§ About this exercise
Scan the records beneath this line for the line holding "第21话-他们的存在-阿里文学（第4张）" and the line holding "Frameless Multi-functional Wiper", then transcribe exactly those two and all lines between.

§ Data
"""
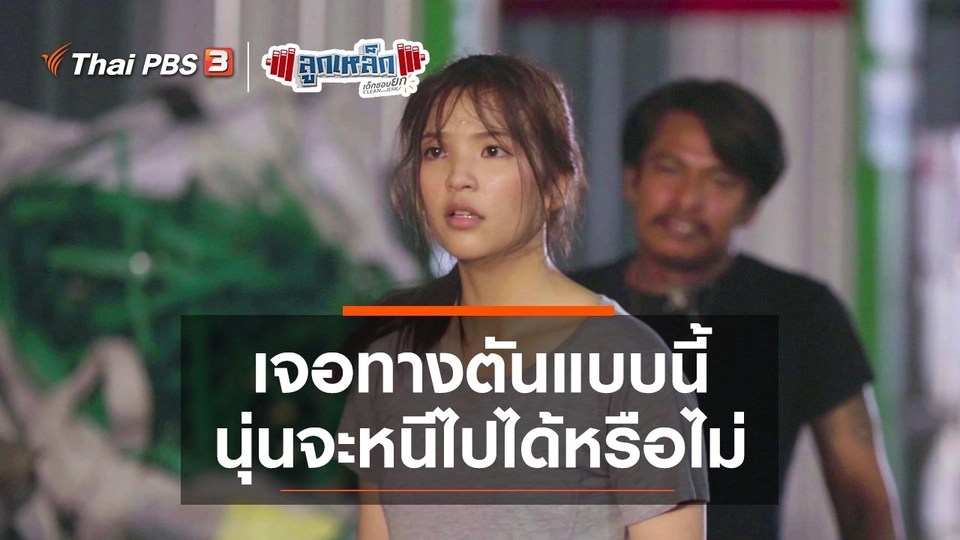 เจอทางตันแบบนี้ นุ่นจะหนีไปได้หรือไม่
"""
"""
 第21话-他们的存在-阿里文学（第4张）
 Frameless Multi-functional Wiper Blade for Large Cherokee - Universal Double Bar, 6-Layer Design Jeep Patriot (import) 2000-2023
"""
§ Response for this exercise
 第21话-他们的存在-阿里文学（第4张）
 Frameless Multi-functional Wiper Blade for Large Cherokee - Universal Double Bar, 6-Layer Design Jeep Patriot (import) 2000-2023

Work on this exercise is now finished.